Why ‘Roma’ Star Marina de Tavira Had to Forget Her Acting Training for Alonso Cuarón’s Drama

TheWrap Oscar magazine: “For a trained actor, it’s hard not to want to analyze the character’s journey,” says the Oscar-nominated actress of Cuarón’s no-script rules

marina de tavira roma
Photo by Megan Mack for TheWrap

A version of this story on Marina de Tavira and “Roma” first appeared in the Down to the Wire issue of TheWrap’s Oscar magazine.

When Marina de Tavira found herself in a movie alongside a group of fellow cast members who’d never before acted, she probably wasn’t expecting that the film would end up tying the record for the most Oscar acting nominations ever for a foreign-language film.

But Alfonso Cuarón’s “Roma” did just that, becoming only the second foreign-language film to score a pair of acting nominations — de Tavira for Best Supporting Actress and newcomer Yalitza Aparicio for Best Actress. In the 58 years that actors have been nominated for foreign-language performances — the first being Melina Mercouri for the 1960 Italian film “Never On Sunday” — Alejandro G. Iñárritu’s 2006 drama “Babel” is the only other movie to contain two acting nominees, with Adriana Barraza and Rinko Kikuchi both nominated for Best Supporting Actress.

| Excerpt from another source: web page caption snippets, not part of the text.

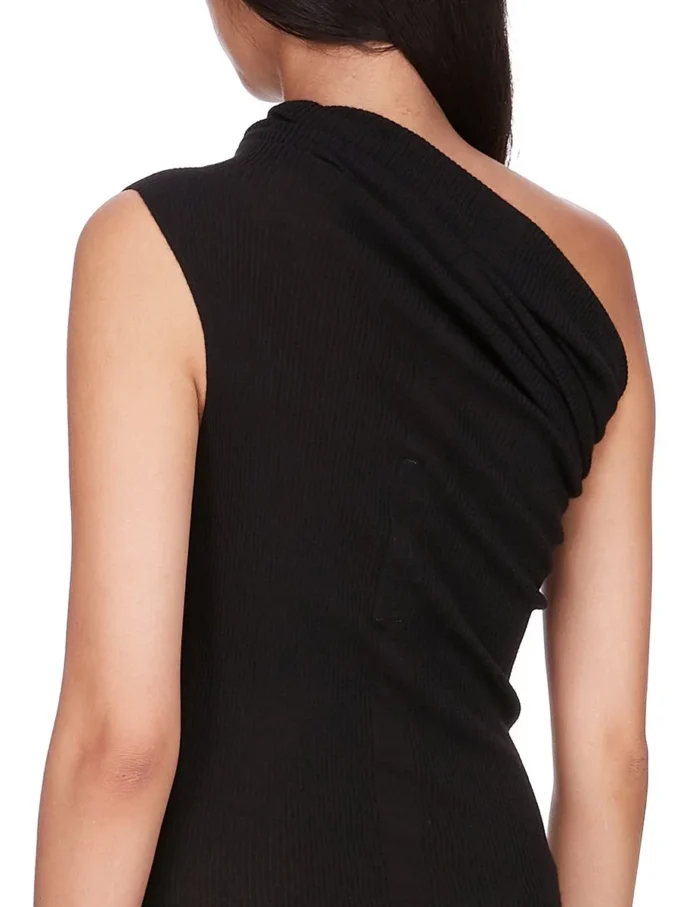 RICK OWENS – TRICOTS RP02E4627RIBM-09 RICK OWENS – TRICOTS RP02E4627RIBM-09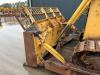 Caterpillar D 6 R XL III Foto 14 thumbnail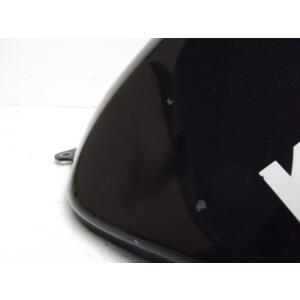 réservoir noir KAWASAKI 600 ZZR 1993-2003 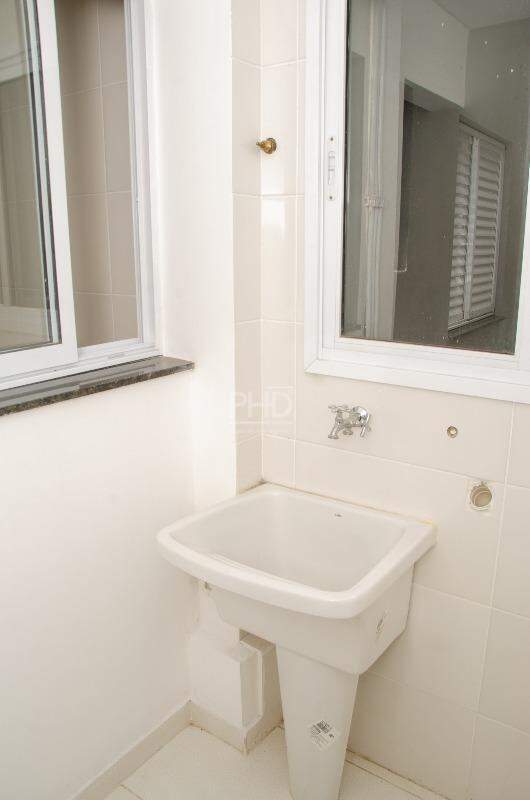 Apartamento à venda com 3 quartos, 80m² - Foto 17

“They are not just the heart of this film,” said Cuarón of his film’s two nominees, who played versions of his own mother (de Tavira) and the nanny who helped raise him (Aparicio). “If this film has connected with people, it’s because of the amazing humanity of these women.”

When Cuarón began looking for his cast, Aparicio was an aspiring schoolteacher in Oaxaca who didn’t even know what a casting call was. But in a way, she was typical of most of the cast, who were virtually all non-professionals except for de Tavira, an established actress in Mexico who has worked extensively on stage and in more than a dozen feature films.

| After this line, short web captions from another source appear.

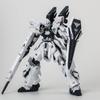 Звезда 217 HGUC 1/144 MSN-06S Sinanju Stein Белый PB Сборная Модель Набор Фигурка Аниме Меха Игрушка С Водными Декалями Подарок Мальчику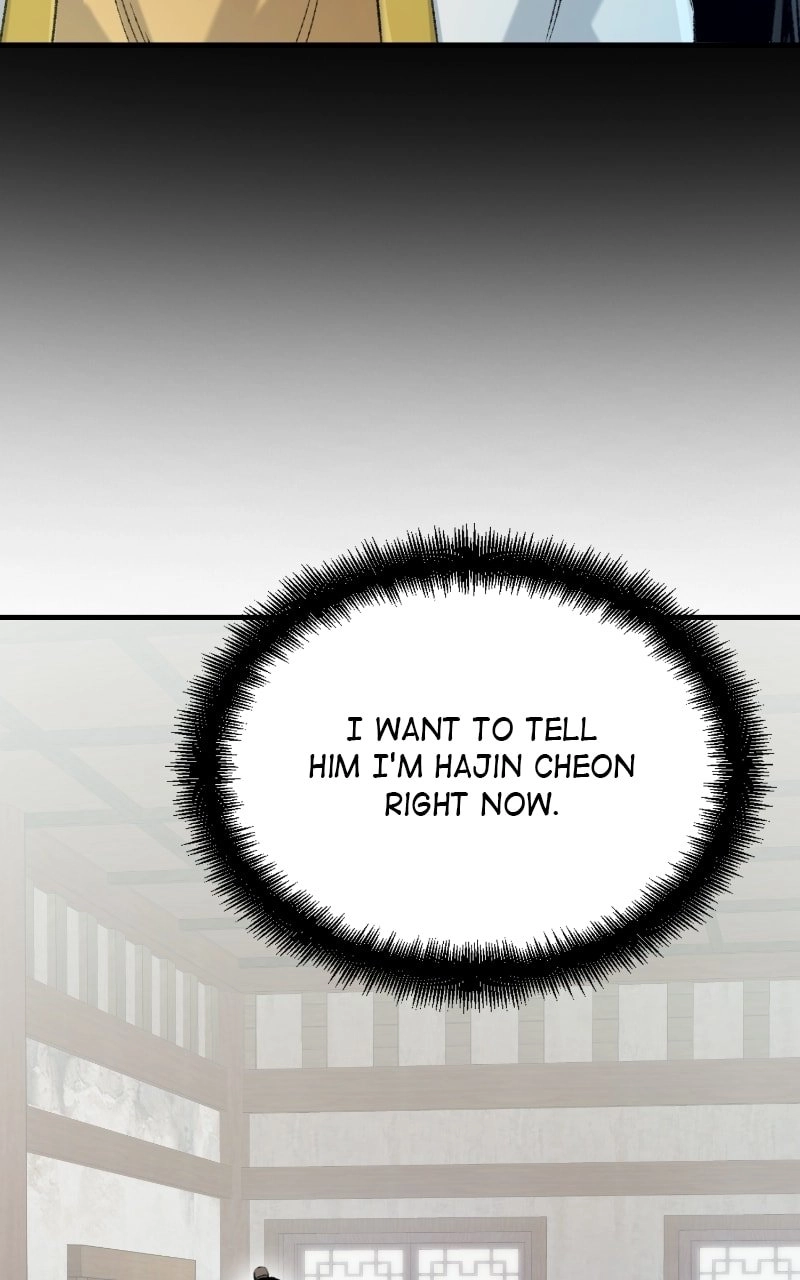 Reborn As The Heavenly Demon Chapter 21 Page 85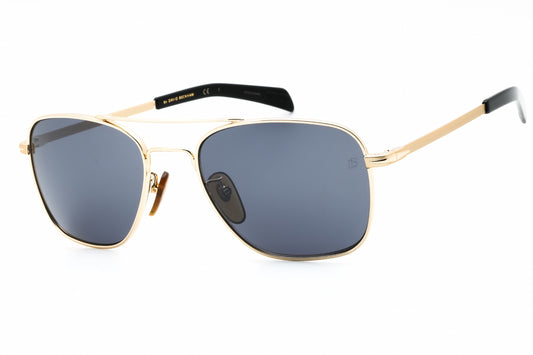 David Beckham DB 7019/S-0J5G T4 55mm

“I think I was the only trained actress in the cast,” de Tavira said. “All the actors I worked with were acting for the first time, and what was something Alfonso and I had to work on a lot. At the beginning, it was more difficult for me than it was for them.”

To lead the non-pros through a story based on his own childhood memories, Cuarón didn’t show anyone the script, shooting in stricitly chronological order and telling his cast what they’d be doing one day at a time. “The fact that we shot in chronological order and didn’t have a script helped the other actors be natural and spontaneous,” de Tavira said. “But for a trained actor, it’s hard not to want to analyze the character’s journey.

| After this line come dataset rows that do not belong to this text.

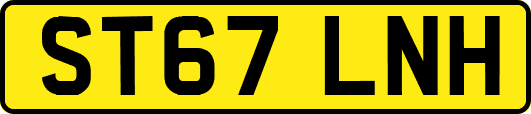 ST67LNH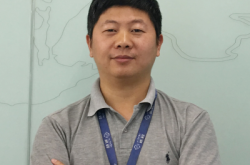 赤峰貝殼網(wǎng)電話號碼查詢是多少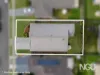 5 Windermere Street, Raceview, Qld 4305-Image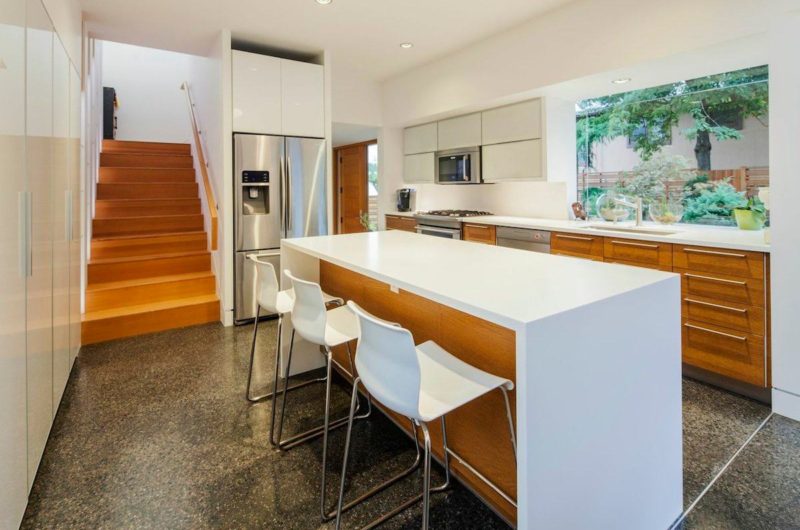 Modern And Luxurious Double High House In Nanaimo, Canada modern and luxurious double high house in nanaimo canada 29fdc8f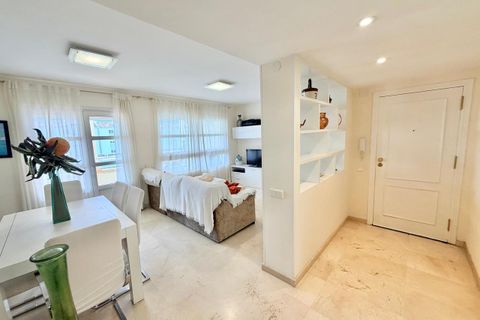 Apartament a Javea, Alicante, Javea - € 1.200/mes | Ref: 764091 - foto 4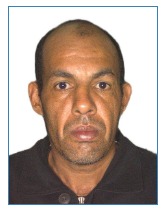 Funcionário de lavajato é assassinado com vários tiros em Barra do Garças, VEJA VÍDEO
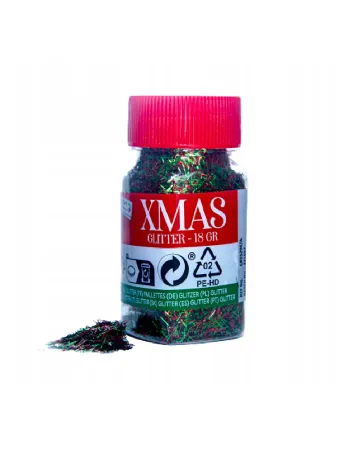 Paiete Craft Sensations, mix culori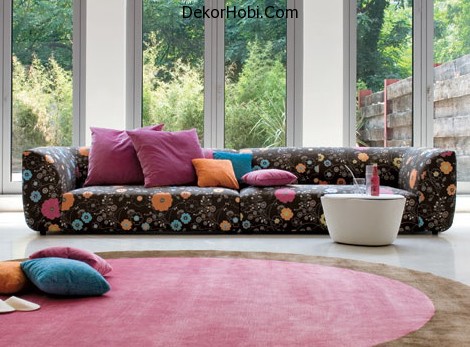 modern-floral-upholstered-sofas-linea-italia-1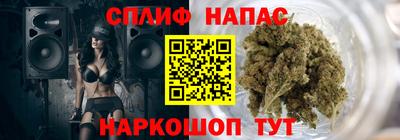 ПСИЛОЦИБИНОВЫЕ ГРИБЫ Долгопрудный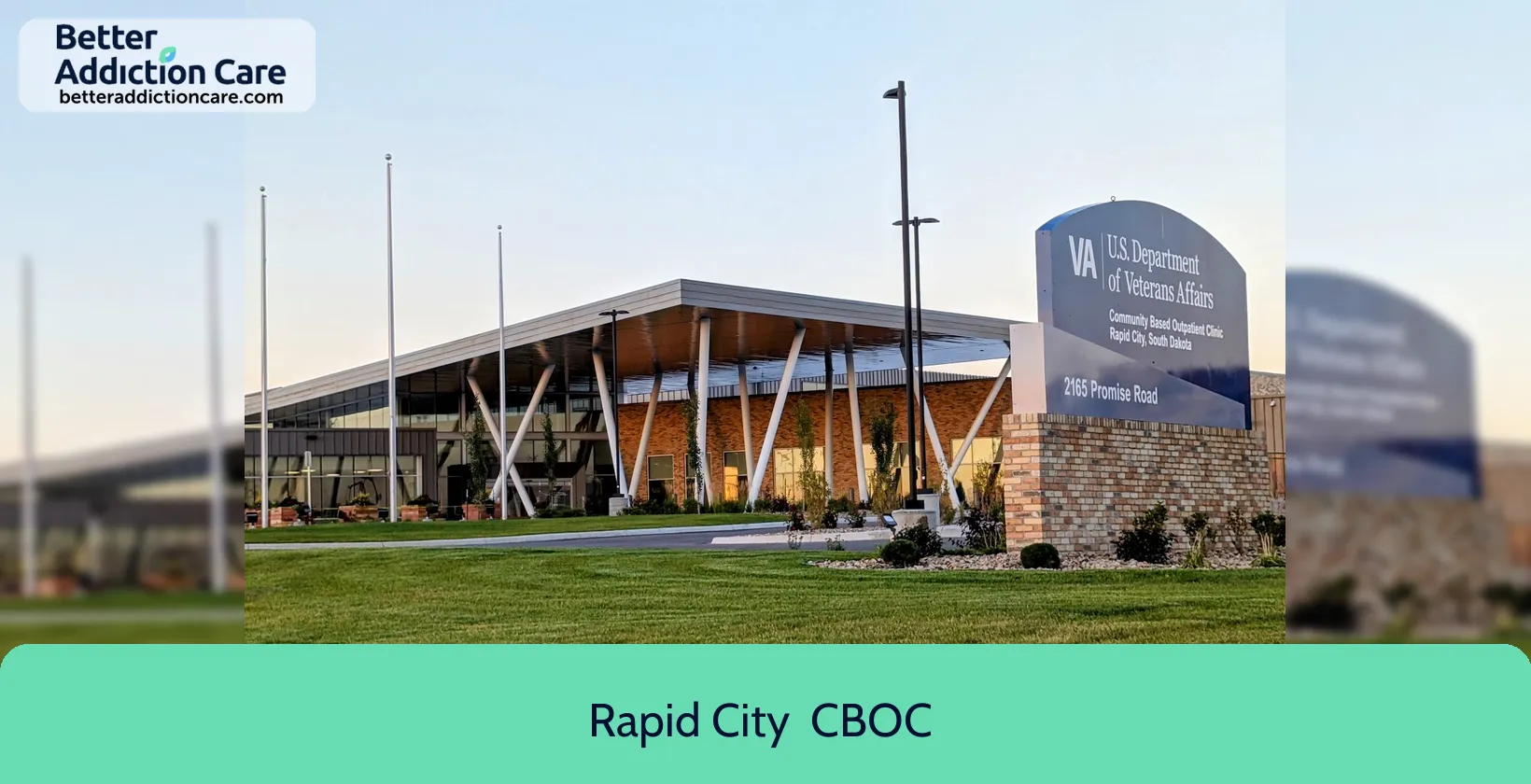 Rapid City 3625 5th Street 1 Rapid City 3625 5th Street 1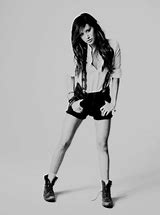 Image result for Ashley Tisdale Suite Life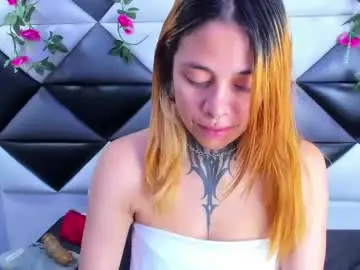 Chaturbate Best live sex cam show of sofii_anal_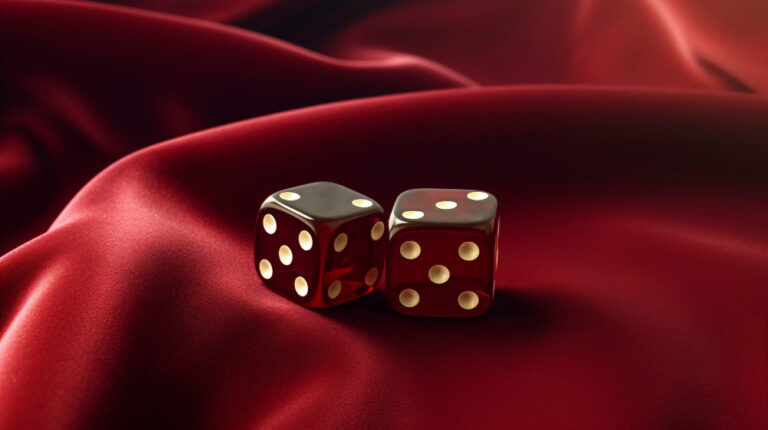 Free Backgammon Online Multiplayer: Play Now Free Backgammon Online Multiplayer: Play Now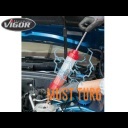 Vaakumpump 350ml Vigor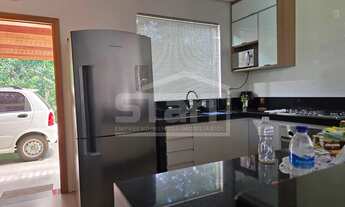 Imagem 7: Casa para Locação por R 10.000 - Condomínio Veredas da Lagoa, Lagoa Santa MG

“That was something that Alfonso worked on with me. He said, ‘You have to walk to where they are, not bring them to where you are.’”

De Tavira became close friends with Aparicio, whom she met at the end of the casting process. “We met at the last audition and there was an immediate bond,” she said. “I didn’t know that she was going to be the central character, but I just connected with her from the very beginning. She’s such a beautiful human being.”

As for the woman she was playing onscreen, de Tavira only met Cuarón’s mother, who was suffering from dementia by the time the film began shooting, once. “She came to visit the set on the day we had the children writing letters to their dad,” she said. “I didn’t know what to say to her. I only said, ‘I’m honored,’ and that was it.”

Occasionally, she said, Cuarón would give her script pages the night before, particularly if she had dialogue-heavy scenes the next day. “But I would never have the other character’s words, only mine,” she said. “And he would change them in the moment.

“And also, the other characters would always do something I didn’t expect. He would take the kids away separately and tell them things like, ‘If your mother says this, walk away.’ He wanted me to react to things that I wasn’t expecting.”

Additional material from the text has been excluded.